The aim of this clinical study was to scrutinize the effects of fractionation scheme and other factors on the survival rates of palliative lung cancer radiotherapy.

A retrospective univariable and multivariable clinical analysis of the prognostic factors was carried out on patients with SCLC and NSCLC under palliative lung radiotherapy. The factors analysed includes: sex, age, functionality, histology, cancer stage, tumour site, smoking status, comorbidities, pack year history, radiotherapy treatment, and dose scheme. The overall mortality rate of palliative lung radiotherapy treatment was calculated at 30 and 90 days.

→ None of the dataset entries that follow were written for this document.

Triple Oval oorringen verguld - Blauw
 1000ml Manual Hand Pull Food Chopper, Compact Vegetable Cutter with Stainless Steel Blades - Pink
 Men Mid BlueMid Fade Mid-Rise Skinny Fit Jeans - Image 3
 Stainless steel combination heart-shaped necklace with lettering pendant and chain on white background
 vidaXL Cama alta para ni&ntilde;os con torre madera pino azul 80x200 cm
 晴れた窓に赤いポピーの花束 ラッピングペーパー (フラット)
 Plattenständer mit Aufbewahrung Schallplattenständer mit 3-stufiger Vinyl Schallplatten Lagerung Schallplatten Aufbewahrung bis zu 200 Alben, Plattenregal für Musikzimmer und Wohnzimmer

Univariable analysis indicated that functionality (P < 0.001), fractionation scheme (P < 0.001), comorbidities (P = 0.02), SCLC (small cell) histology (P = 0.02), ‘lifelong never’ smoking history (P = 0.01) and gender (P = 0.06) were linked to higher survival rates. Multivariable analysis indicated only better functionality (P = 0.01) and increased fractionation schemes of up to 30 Gy/10 fractions (P < 0.001) were linked to improved rates of survival. Mortality rates were 9.2% and 34% within 30 and 90 days of treatment, respectively.

The clinical analysis of palliative lung radiotherapy showed increased survival rates with total dose (up to and including 30 Gy/10 fractions) irrespective of performance status.